Repeat exactly, and only, the lines below starting at the line that contains "Detail Gallery Image" and ending at the line that contains "Grosses Bauland mit Entwicklungspotenzial 4", inclusive of both.
━━━━━━━━
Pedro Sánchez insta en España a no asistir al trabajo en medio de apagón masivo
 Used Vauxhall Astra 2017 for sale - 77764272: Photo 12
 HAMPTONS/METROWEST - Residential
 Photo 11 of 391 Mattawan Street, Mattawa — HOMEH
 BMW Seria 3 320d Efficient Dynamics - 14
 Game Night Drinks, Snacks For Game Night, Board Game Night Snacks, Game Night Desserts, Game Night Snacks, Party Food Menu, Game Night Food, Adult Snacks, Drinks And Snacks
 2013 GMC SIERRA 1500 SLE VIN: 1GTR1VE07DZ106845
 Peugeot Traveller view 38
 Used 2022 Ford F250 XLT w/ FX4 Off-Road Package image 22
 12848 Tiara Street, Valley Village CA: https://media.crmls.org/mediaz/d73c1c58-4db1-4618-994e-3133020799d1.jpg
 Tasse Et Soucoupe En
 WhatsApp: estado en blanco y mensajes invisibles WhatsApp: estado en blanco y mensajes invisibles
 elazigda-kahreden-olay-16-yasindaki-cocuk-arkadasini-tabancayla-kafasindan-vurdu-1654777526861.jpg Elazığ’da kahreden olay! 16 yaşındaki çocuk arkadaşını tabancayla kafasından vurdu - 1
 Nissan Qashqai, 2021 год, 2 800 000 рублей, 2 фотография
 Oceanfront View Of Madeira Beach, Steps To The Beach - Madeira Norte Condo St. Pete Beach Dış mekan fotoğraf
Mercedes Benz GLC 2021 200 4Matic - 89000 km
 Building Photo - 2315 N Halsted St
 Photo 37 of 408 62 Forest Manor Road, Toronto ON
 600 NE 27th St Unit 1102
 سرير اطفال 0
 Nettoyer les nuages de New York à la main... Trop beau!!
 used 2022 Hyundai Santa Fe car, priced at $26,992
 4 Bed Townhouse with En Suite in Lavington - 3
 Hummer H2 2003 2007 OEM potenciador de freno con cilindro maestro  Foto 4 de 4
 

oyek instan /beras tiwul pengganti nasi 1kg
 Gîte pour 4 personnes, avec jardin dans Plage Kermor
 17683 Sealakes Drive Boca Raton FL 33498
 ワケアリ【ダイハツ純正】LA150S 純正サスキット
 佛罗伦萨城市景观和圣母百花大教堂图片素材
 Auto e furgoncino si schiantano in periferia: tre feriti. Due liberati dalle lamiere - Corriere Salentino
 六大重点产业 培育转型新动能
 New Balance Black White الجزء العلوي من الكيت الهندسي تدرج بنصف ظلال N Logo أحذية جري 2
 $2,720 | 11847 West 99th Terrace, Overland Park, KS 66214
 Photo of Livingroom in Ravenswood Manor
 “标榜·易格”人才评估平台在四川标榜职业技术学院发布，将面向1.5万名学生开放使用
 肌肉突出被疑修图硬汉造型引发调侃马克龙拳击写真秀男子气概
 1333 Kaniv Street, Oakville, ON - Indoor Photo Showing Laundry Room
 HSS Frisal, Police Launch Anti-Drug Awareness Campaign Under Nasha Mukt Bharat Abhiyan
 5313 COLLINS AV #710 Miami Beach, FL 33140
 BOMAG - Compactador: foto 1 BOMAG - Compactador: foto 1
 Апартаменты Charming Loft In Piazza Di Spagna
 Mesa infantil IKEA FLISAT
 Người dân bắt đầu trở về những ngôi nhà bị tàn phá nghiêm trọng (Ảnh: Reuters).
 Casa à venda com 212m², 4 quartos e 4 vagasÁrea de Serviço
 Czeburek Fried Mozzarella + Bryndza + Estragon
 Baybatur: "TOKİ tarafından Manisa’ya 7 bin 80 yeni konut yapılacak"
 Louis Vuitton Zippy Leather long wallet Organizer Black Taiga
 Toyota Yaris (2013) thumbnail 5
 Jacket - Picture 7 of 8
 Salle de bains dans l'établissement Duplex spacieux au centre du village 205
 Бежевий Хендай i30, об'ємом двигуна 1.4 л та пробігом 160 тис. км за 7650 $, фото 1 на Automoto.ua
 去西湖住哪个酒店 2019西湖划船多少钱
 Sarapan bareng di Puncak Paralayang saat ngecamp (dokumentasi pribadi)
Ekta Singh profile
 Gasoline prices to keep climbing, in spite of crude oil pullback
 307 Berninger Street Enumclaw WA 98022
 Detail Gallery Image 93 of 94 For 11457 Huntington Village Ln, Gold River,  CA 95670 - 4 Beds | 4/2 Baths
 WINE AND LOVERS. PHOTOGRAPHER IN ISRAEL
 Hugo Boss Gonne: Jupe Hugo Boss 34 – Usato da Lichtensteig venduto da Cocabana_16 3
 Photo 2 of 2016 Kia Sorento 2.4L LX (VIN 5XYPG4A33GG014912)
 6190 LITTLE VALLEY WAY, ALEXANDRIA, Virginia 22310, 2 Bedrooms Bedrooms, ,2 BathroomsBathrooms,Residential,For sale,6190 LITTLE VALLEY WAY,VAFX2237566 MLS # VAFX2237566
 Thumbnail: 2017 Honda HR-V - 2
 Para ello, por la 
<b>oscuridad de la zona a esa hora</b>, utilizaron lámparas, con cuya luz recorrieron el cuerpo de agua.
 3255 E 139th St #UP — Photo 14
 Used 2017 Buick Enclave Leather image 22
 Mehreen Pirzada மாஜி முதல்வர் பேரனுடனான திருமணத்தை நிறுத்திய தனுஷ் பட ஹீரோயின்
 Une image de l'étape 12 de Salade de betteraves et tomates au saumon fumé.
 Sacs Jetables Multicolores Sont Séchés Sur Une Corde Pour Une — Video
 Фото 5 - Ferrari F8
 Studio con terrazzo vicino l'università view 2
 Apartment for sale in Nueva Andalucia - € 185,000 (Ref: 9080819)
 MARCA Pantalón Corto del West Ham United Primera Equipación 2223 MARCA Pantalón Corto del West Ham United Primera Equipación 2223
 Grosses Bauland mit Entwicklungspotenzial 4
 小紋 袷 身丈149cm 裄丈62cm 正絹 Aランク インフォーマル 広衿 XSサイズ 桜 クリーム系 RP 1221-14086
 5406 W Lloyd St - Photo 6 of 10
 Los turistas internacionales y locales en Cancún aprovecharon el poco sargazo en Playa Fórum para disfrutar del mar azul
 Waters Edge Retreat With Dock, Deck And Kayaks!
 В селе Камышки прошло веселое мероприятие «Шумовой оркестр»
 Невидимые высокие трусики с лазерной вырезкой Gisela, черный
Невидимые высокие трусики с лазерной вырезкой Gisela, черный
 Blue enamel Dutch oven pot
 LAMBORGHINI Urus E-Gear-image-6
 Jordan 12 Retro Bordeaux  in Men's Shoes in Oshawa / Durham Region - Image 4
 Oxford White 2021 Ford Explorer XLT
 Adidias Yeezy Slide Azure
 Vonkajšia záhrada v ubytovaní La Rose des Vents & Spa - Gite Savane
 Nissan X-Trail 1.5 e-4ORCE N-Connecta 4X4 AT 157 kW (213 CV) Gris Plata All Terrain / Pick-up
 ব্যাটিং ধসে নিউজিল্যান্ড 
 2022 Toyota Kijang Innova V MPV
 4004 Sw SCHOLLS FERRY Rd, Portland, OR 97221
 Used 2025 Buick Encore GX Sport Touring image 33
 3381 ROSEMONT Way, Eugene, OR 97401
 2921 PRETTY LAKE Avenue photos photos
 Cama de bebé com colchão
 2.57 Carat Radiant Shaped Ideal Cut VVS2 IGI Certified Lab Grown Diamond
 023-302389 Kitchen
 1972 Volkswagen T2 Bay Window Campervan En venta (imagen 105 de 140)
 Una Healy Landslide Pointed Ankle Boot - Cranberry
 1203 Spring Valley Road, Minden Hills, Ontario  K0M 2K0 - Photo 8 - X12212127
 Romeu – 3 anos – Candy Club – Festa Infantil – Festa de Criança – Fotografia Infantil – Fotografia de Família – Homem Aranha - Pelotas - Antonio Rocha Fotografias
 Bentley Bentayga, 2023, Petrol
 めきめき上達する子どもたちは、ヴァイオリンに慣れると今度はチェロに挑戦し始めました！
━━━━━━━━
§ **TASK RESULT**:
 Detail Gallery Image 93 of 94 For 11457 Huntington Village Ln, Gold River,  CA 95670 - 4 Beds | 4/2 Baths
 WINE AND LOVERS. PHOTOGRAPHER IN ISRAEL
 Hugo Boss Gonne: Jupe Hugo Boss 34 – Usato da Lichtensteig venduto da Cocabana_16 3
 Photo 2 of 2016 Kia Sorento 2.4L LX (VIN 5XYPG4A33GG014912)
 6190 LITTLE VALLEY WAY, ALEXANDRIA, Virginia 22310, 2 Bedrooms Bedrooms, ,2 BathroomsBathrooms,Residential,For sale,6190 LITTLE VALLEY WAY,VAFX2237566 MLS # VAFX2237566
 Thumbnail: 2017 Honda HR-V - 2
 Para ello, por la 
<b>oscuridad de la zona a esa hora</b>, utilizaron lámparas, con cuya luz recorrieron el cuerpo de agua.
 3255 E 139th St #UP — Photo 14
 Used 2017 Buick Enclave Leather image 22
 Mehreen Pirzada மாஜி முதல்வர் பேரனுடனான திருமணத்தை நிறுத்திய தனுஷ் பட ஹீரோயின்
 Une image de l'étape 12 de Salade de betteraves et tomates au saumon fumé.
 Sacs Jetables Multicolores Sont Séchés Sur Une Corde Pour Une — Video
 Фото 5 - Ferrari F8
 Studio con terrazzo vicino l'università view 2
 Apartment for sale in Nueva Andalucia - € 185,000 (Ref: 9080819)
 MARCA Pantalón Corto del West Ham United Primera Equipación 2223 MARCA Pantalón Corto del West Ham United Primera Equipación 2223
 Grosses Bauland mit Entwicklungspotenzial 4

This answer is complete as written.